Core Values: Stars' turnaround led by Tyler Seguin, Jamie Benn
The Dallas Stars ended a five-year playoff drought last season and are looking well positioned to become a much more competitive team in the loaded Central Division.
In the salary cap era, where NHL teams have to be efficient with their money, it's important for each club to have a core group of players who set the foundation on which to build the rest of the team. This group often includes the players who consume the bulk of a team's cap space, while also providing the greatest on-ice impact.
With that in mind, Eye on Hockey introduces our summer series: "Core Values." We'll take the rest of summer to evaluate the group of five to seven players who make up the core of each team. Using criteria like point production, average age, how the players were acquired, total cost and cap hit, we'll detail which teams have the strongest cores and which need work. On top of that, we'll also gaze into the future to look at the players who could one day be part of this crucial group for each team.
The Dallas Stars are becoming one of the most exciting teams in the entire NHL with the maneuvering of general manager Jim Nill over the last two seasons. Having overhauled the top of the roster to create a potent top-six forward group, the Stars went very quickly from afterthought to playoff team to a Central Division contender in relatively short order.
The Stars erased a five-year playoff drought by earning a wild card spot last season with a 40-31-11 record. It was a short stay in the postseason, but Nill went out and got Jason Spezza to become the team’s No. 2 center and added playmaker Ales Hemsky in free agency to bolster the top two lines this summer. Combine that with strong drafting and some additional roster tinkering and you’ve got the makings of a possible future Western Conference powerhouse.
Captain Jamie Benn and top center Tyler Seguin were among the NHL’s top-10 scorers last season and could be in for an even bigger year with an improved second line to help draw some attention away from the Stars’ big guns.

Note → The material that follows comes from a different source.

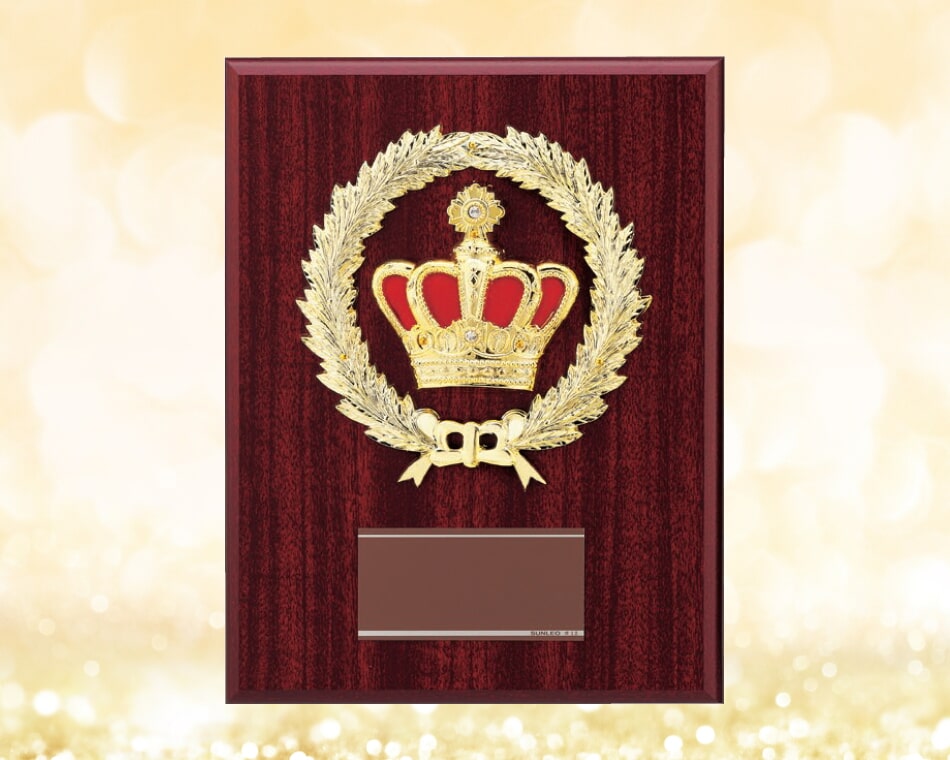 王冠レリーフ木製盾:AT-4446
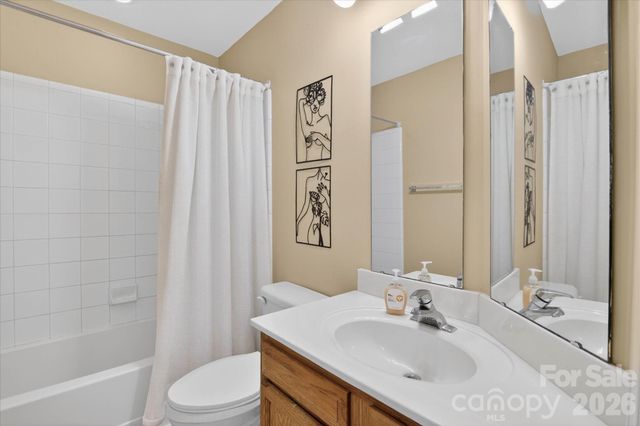 1049 Park West Drive, Charlotte, NC 28209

This is a different team. They may not be Stanley Cup contenders yet, but with the aggressiveness shown by Nill in two short years at the helm, a willingness to think outside the box and an influx of young talent, Dallas is shaping up rather nicely for next season and beyond.
Core Values: Dallas Stars
Players (Age, term remaining on contract): C Tyler Seguin (22, 5 years), LW Jamie Benn (25, 3 years), C Jason Spezza (31, 1 year), G Kari Lehtonen (30, 4 years), RW Valeri Nichushkin (19, 2 years), D Alex Goligoski (29, 2 years), D Brenden Dillon (23, RFA)
Total cap hit for 2014-15^: $32,425,000 (47% of salary cap consumed by seven players)

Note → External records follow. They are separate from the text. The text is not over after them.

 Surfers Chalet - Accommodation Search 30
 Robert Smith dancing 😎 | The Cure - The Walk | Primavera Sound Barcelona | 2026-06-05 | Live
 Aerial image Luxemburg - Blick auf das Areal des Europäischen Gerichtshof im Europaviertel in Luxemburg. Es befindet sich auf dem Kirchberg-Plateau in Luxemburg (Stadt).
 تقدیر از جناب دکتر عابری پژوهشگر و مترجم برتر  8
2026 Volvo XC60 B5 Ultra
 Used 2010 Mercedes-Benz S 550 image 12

^ - Includes estimated cap hit of $3 million for Brenden Dillon
Average age: 25.5
Total point production in 2013-14*: 97 goals, 159 assists, 256 points (40.8% of team’s total production)
* - Does not include Jason Spezza’s 23-43—66 stat line from the Ottawa Senators
About the core
Tyler Seguin: To say Seguin made a splash in his first year with his new team would be a massive understatement. The young rising star finished fourth in the league with 84 points. He put up career bests in every major category with 37 goals and 47 assists. Perhaps concerns about his maturity and how he fit with the Boston Bruins were warranted, and maybe the change of scenery was as well, but Seguin appears to have all the makings of a genuine superstar in the league now. Giving the Stars a top-line center and captain Jamie Benn a peer in skill level and production worked in spades in year one. There’s a lot of pressure on Seguin to repeat his incredible 2013-14 performance, which earned him sixth place in Hart Trophy voting, but it feels as though Seguin’s career has turned the page in the Lone Star State. Change of scenery and a change in role has really benefited Seguin who is till just 22 years old. This guy may just be getting started. How he was acquired: Traded from the Boston Bruins with Rich Peverly and Ryan Button for Loui Eriksson , Reilly Smith , Joe Morrow and Matt Fraser on July 4, 2013
Jamie Benn: From the second he first put on a Dallas Stars jersey, Benn has been helping to move the organization forward. Now that he has grown even more as a player and now has the supporting cast to help him flourish, Benn is helping move it forward faster. Thanks to the arrival of Seguin to center his line, Benn posted career highs with 34 goals, 45 assists and 79 points, which tied him for eighth in league scoring. Having also been named to the Canadian Olympic team in 2014 and winning the gold medal in Sochi, Benn’s 2013-14 season was quite memorable. The arrival of new players to the team helps, but without Benn there as the foundation already in place, it wouldn’t have meant nearly as much. In 344 career NHL games, the 25-year-old has 272 points. The Stars have their captain locked up at an extremely affordable $5.25 million cap hit for the next three seasons, but that is bound to go up a great deal when the contract expires. One of the things that makes Benn unique among league stars, particularly those under 25, is that he is a former fifth-round draft pick. It used to be commonplace, but more recently it's pretty rare to see a guy at his age playing a starring role on his team despite being a low-round pick. What a find for the Stars. How he was acquired: 2007 NHL Entry Draft, fifth round, 129th overall
Jason Spezza: The arrival of Spezza in a surprise trade with the Ottawa Senators on the opening day of free agency signified that the team’s front office understood what was already plainly obvious. What the team currently had wasn’t enough and probably wasn’t close. Grabbing Spezza after the veteran forward had a strong (and mostly healthy) campaign with 63 points was a statement to the rest of the league and particularly the Western Conference: get ready for an even bigger challenge every time you play the Dallas Stars. Spezza is 31 and on the last year of his contract. The team is expected to try to work out a deal, perhaps at a lower annual rate than he made on his previous deal. If this move pays off in 2014-15, the team will probably want to get out of Spezza whatever he has left on a multi-year deal, despite having dealt with injuries in three of the last five seasons. A point-per-game player over his 686-game NHL career, Spezza is a legitimate producer. Having that kind of production on the second line is huge. He’ll take away some of the offensive burden currently on Benn and Seguin and force other teams to defend an awful lot. The Stars weren’t deep enough to compete with the heavyweights of their own division last year. Adding Spezza and also Ales Hemsky in free agency adjusts that. How he was acquired: Traded from the Ottawa Senators with Ludwig Karlsson for Alex Chiasson , Nicholas Paul, Alex Guptill and a second-round pick.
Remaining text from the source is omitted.